• [Exercise goal]:
All records below must be reproduced exactly, although any pictures they contain are to be omitted.

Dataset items
++++++++++++++++++++
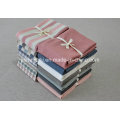 High Quality Hotel 100% Cotton Plain Twill Flat Bedding Set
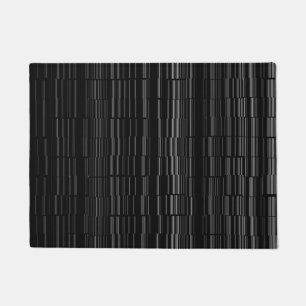 Stylish Unique Broken Line Pattern Doormat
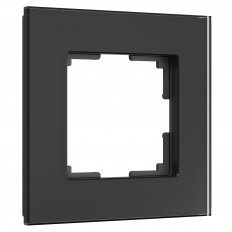 ჩარჩო 1 Post Senso (შავი, მინის რბილი შეხება) W0013108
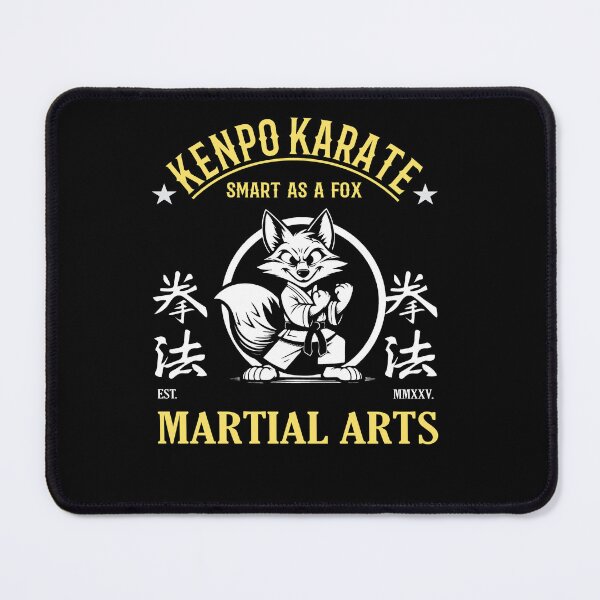 Item preview, Kenpo Karate Fox - Smart as a Fox designed and sold by RetroMaritalArt.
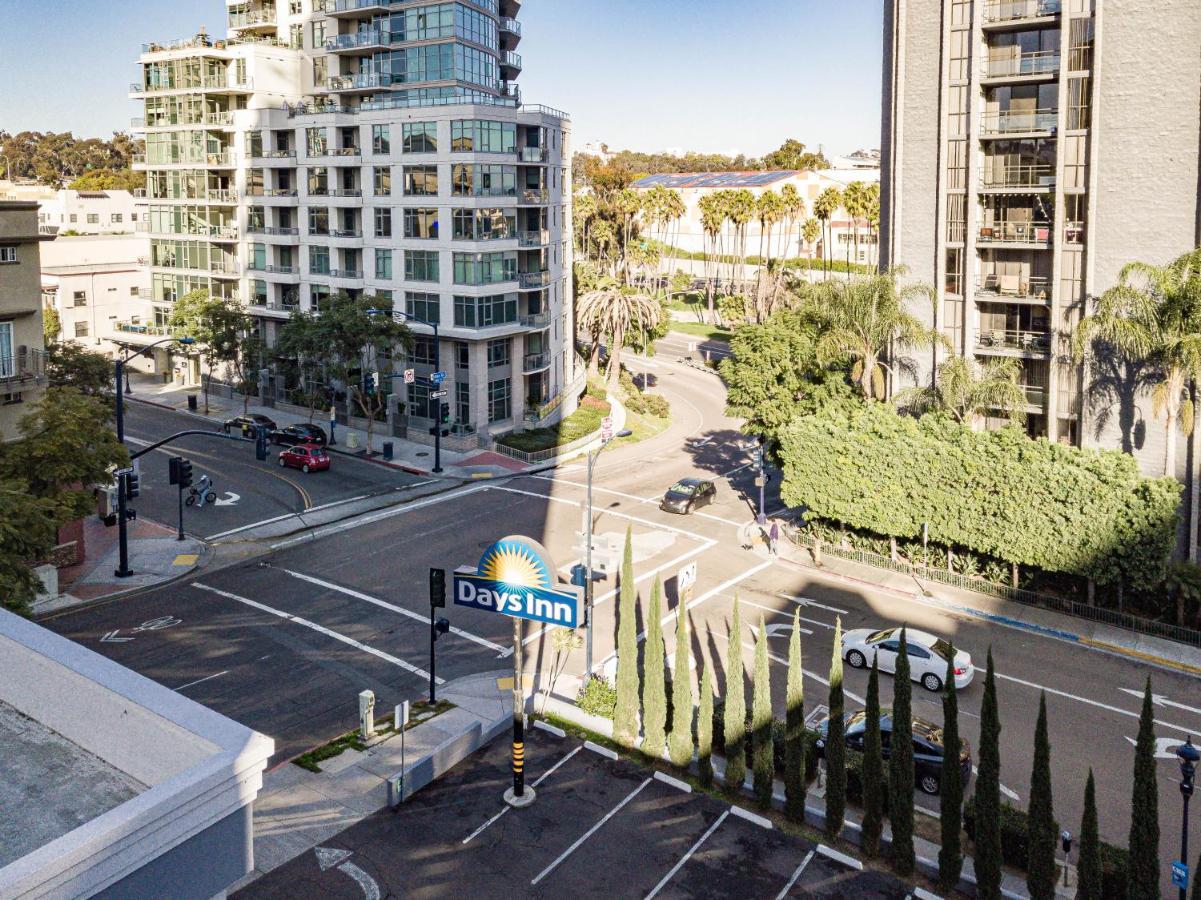 Days Inn By Wyndham San Diego/Downtown/Convention Center Exterior foto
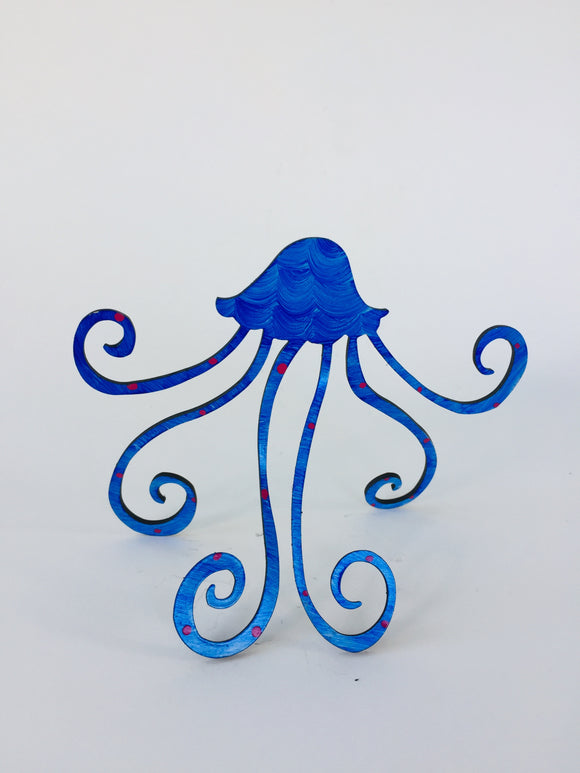Jellyfish Steel Sculpture - Small (4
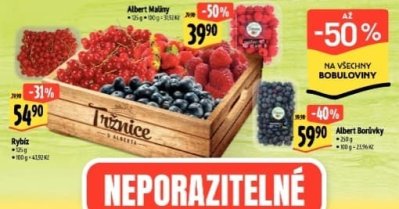 Speciality z akčních letáků týdne Albert od 28. 4.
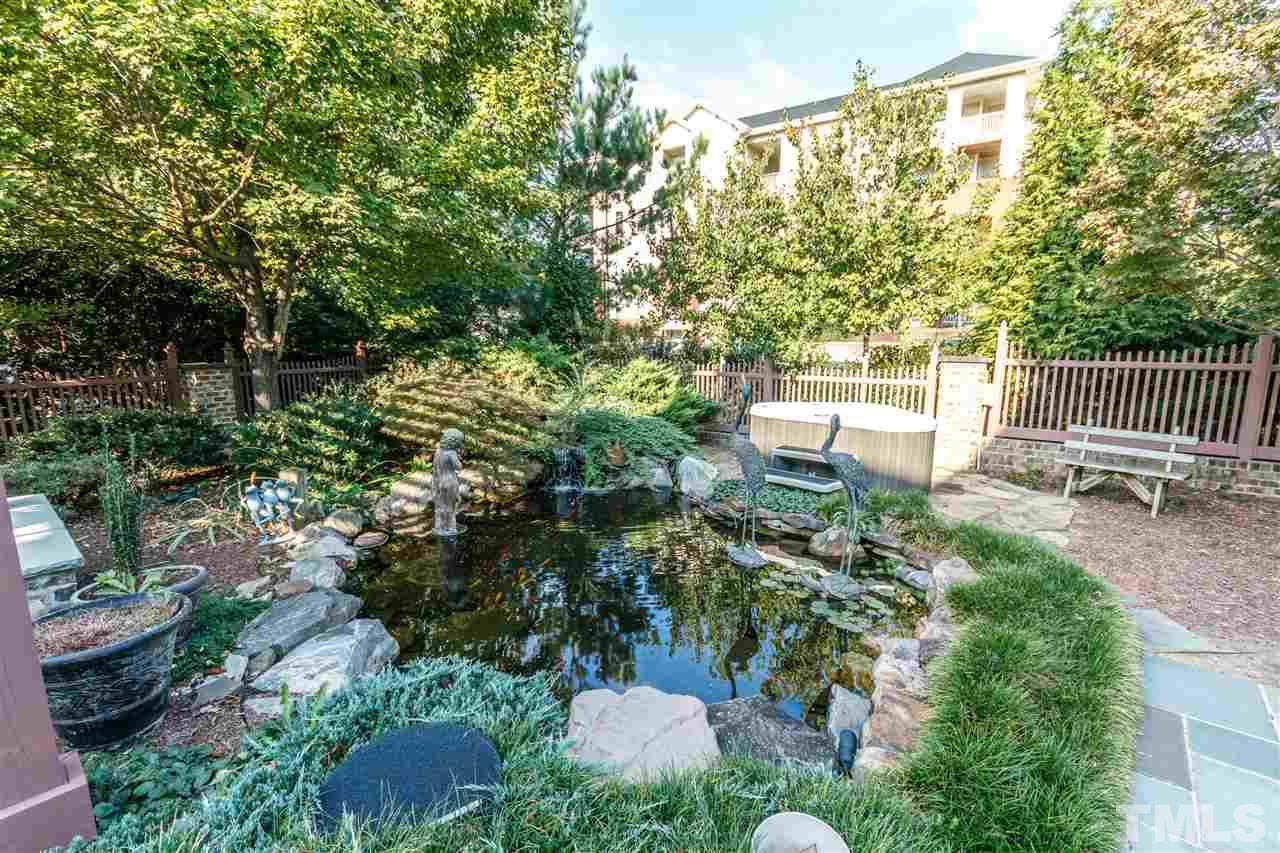 3721 Rolston Drive Raleigh, NC 27609 - Photo 28 of 30 a balcony with outdoor space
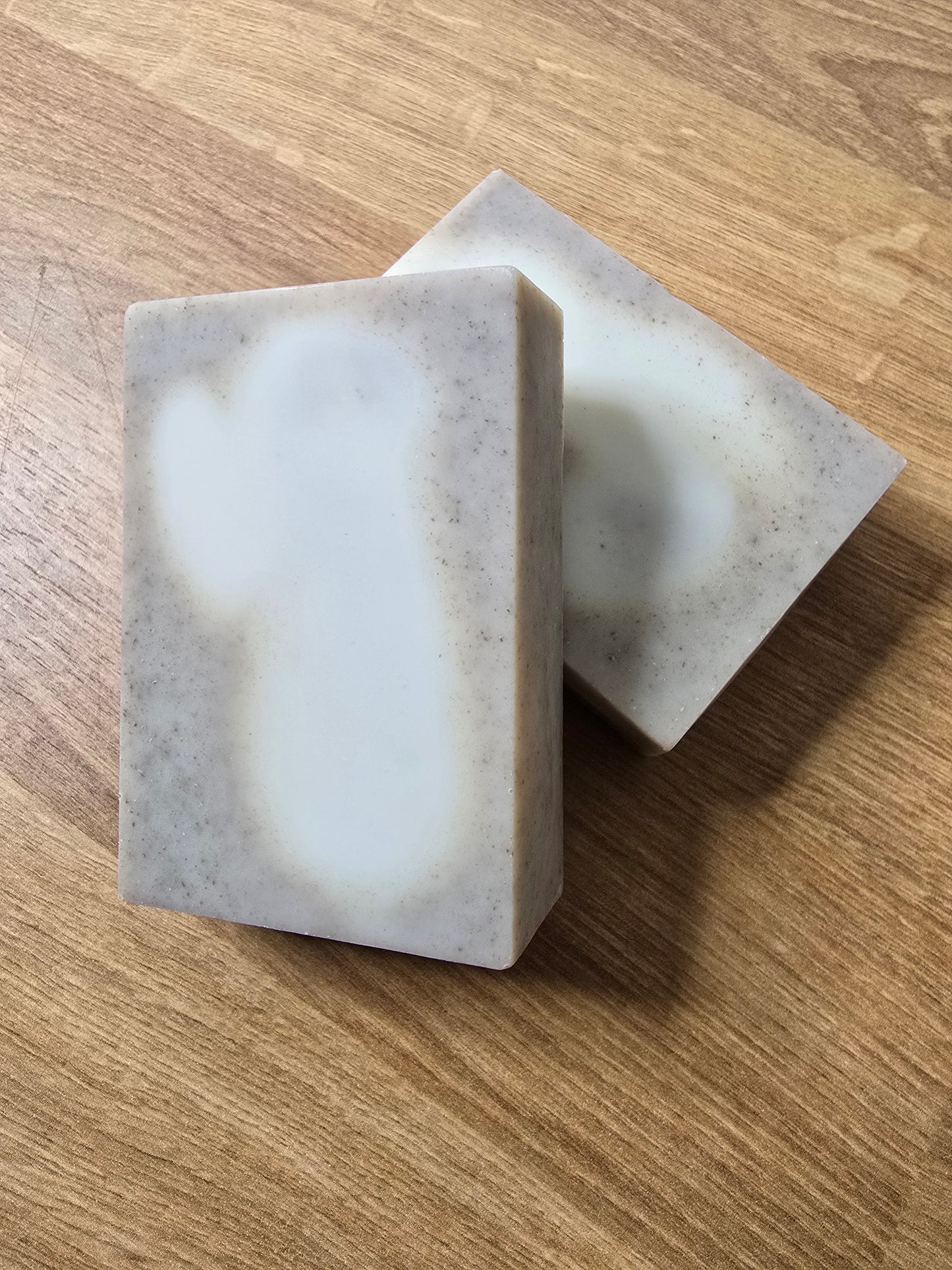 Citrus Dead Sea Mud Raw Goat's Milk Soap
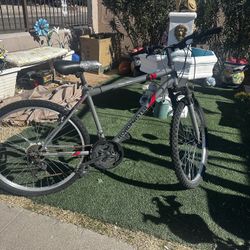 bicicleta medida 26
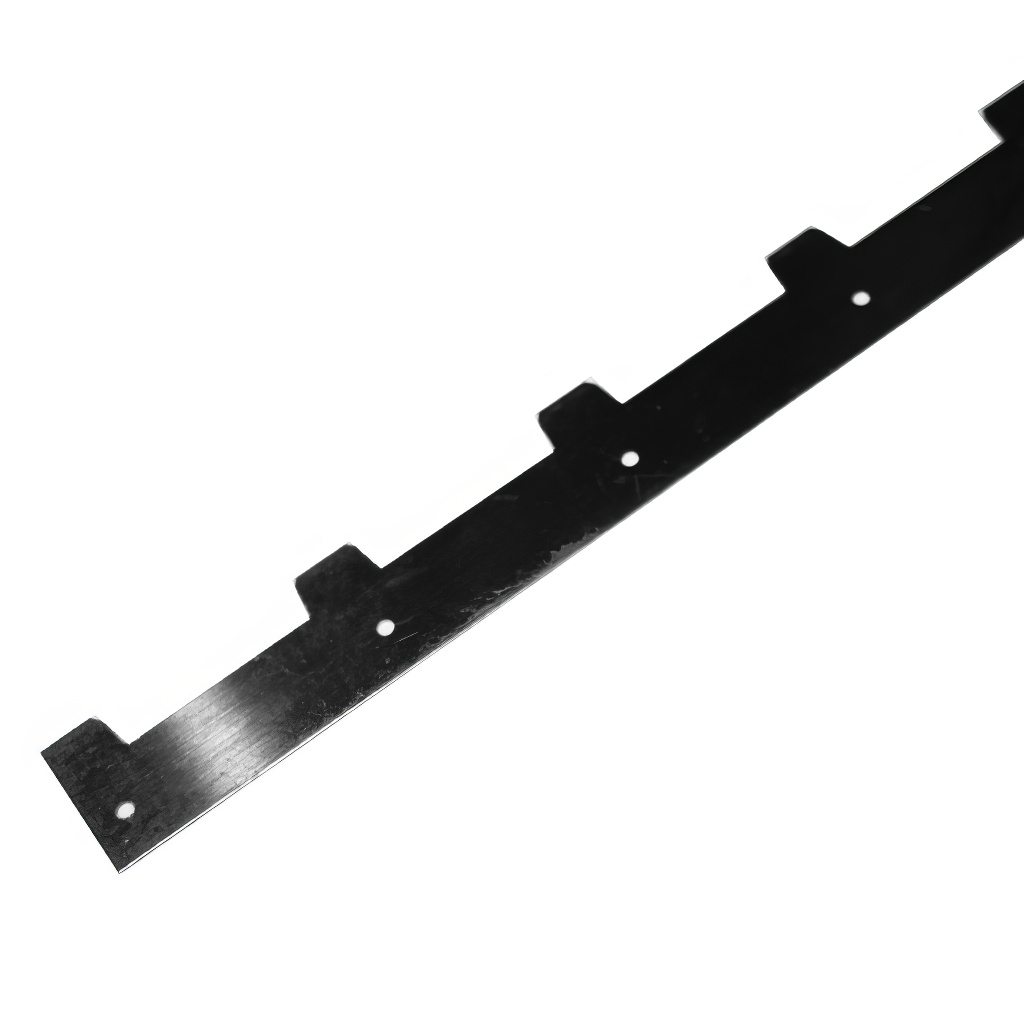Langstroth 10 keretes rozsdamentes acél kerethatároló léc - 373x26 mm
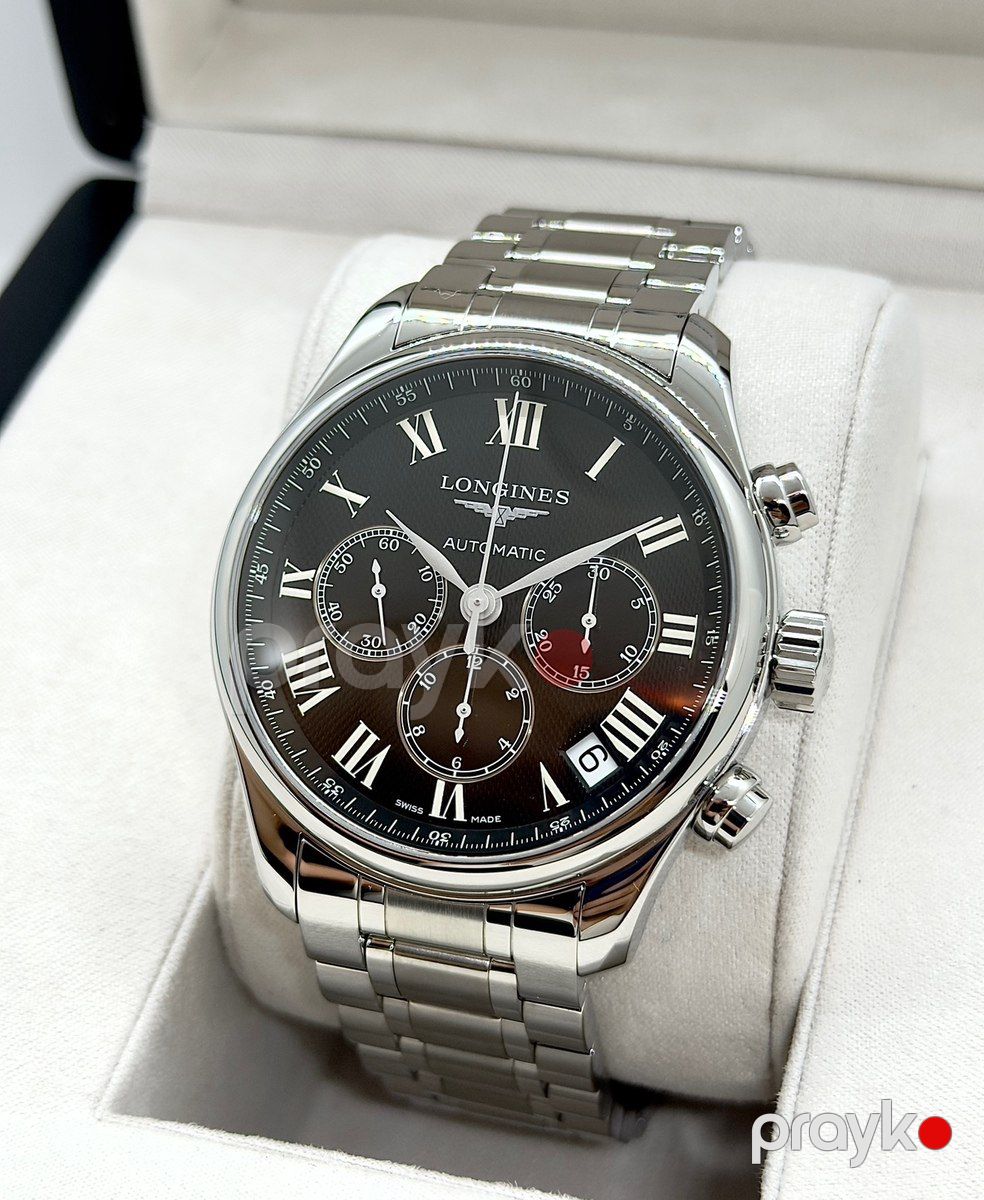 Longines Master Collection Chronograph qol saatı — Şəxsi əşyalar, Bakı (2)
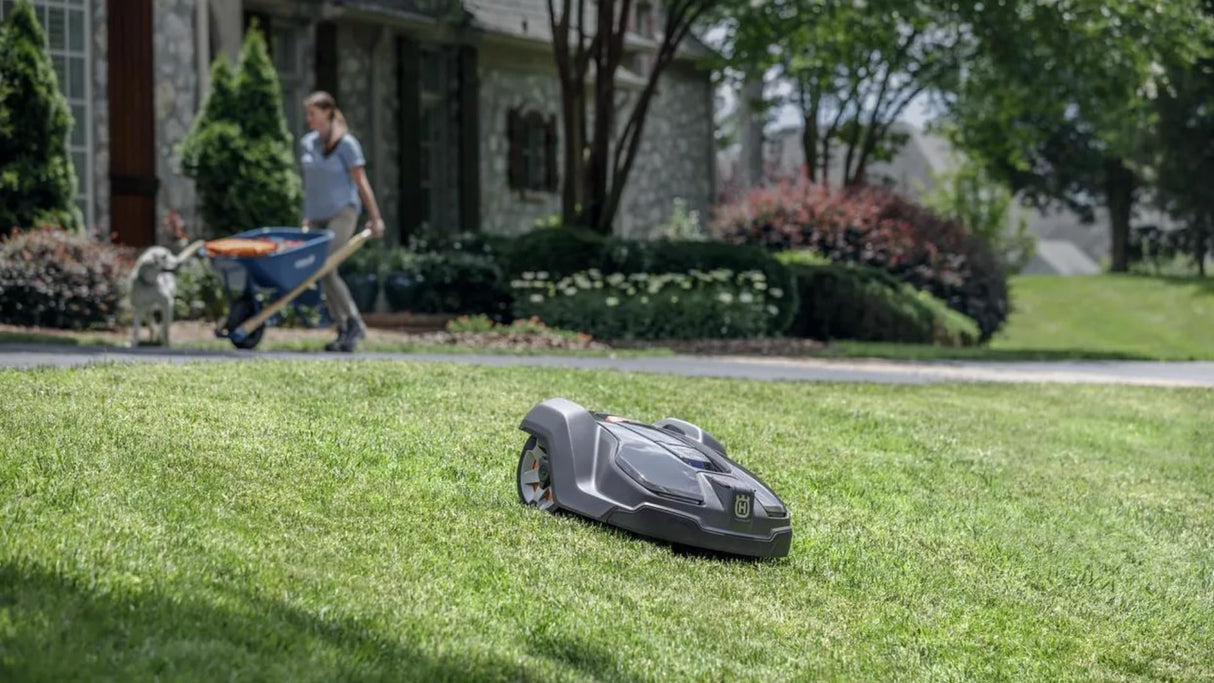 Husqvarna Automower 430X | Robot cortacésped I superficies de césped hasta 3200 m² I pendiente hasta 20% I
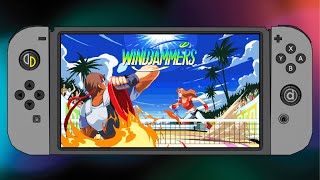 Windjammers (Nintendo Switch/Yuzu Emulator)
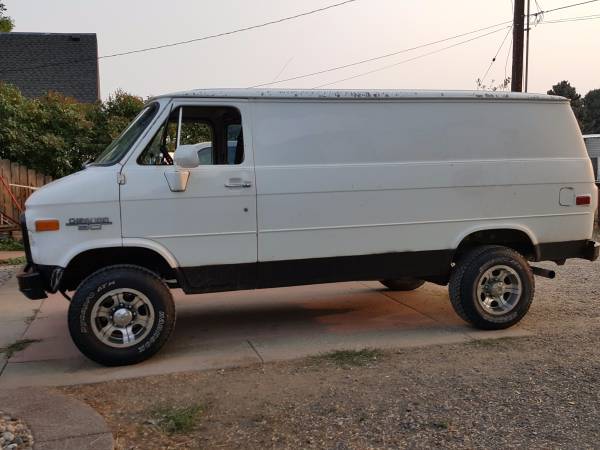 cargo work van for sale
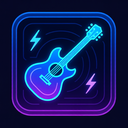 icon_art_guitar_futuristic icon preview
++++++++++++++++++++
• [Result]:
 High Quality Hotel 100% Cotton Plain Twill Flat Bedding Set
 Stylish Unique Broken Line Pattern Doormat
 ჩარჩო 1 Post Senso (შავი, მინის რბილი შეხება) W0013108
 Item preview, Kenpo Karate Fox - Smart as a Fox designed and sold by RetroMaritalArt.
 Days Inn By Wyndham San Diego/Downtown/Convention Center Exterior foto
Jellyfish Steel Sculpture - Small (4
 Speciality z akčních letáků týdne Albert od 28. 4.
 3721 Rolston Drive Raleigh, NC 27609 - Photo 28 of 30 a balcony with outdoor space
 Citrus Dead Sea Mud Raw Goat's Milk Soap
 bicicleta medida 26
Langstroth 10 keretes rozsdamentes acél kerethatároló léc - 373x26 mm
 Longines Master Collection Chronograph qol saatı — Şəxsi əşyalar, Bakı (2)
 Husqvarna Automower 430X | Robot cortacésped I superficies de césped hasta 3200 m² I pendiente hasta 20% I
 Windjammers (Nintendo Switch/Yuzu Emulator)
 cargo work van for sale
 icon_art_guitar_futuristic icon preview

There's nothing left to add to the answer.